PROBLEM TO SOLVE: In your copy of the data, keep every word exact and include no pictures.
*** Opening SUPPLIED DATA ***
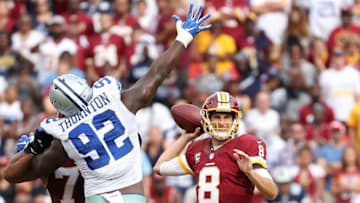 Sep 18, 2016; Landover, MD, USA; Washington Redskins quarterback Kirk Cousins (8) throws the ball against the Dallas Cowboys at FedEx Field. Mandatory Credit: Geoff Burke-USA TODAY Sports
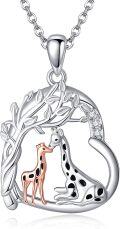 wholesale 925 Sterling Silver Giraffe Heart Pendant Necklace - Mommy and Baby Animal s for Women Lovers Mothers Day Presents-0-0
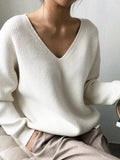 V-Neck Dropped Shoulder Sweater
*** Closing SUPPLIED DATA ***
OUTPUT OF THE EXERCISE:
 Sep 18, 2016; Landover, MD, USA; Washington Redskins quarterback Kirk Cousins (8) throws the ball against the Dallas Cowboys at FedEx Field. Mandatory Credit: Geoff Burke-USA TODAY Sports
 wholesale 925 Sterling Silver Giraffe Heart Pendant Necklace - Mommy and Baby Animal s for Women Lovers Mothers Day Presents-0-0
 V-Neck Dropped Shoulder Sweater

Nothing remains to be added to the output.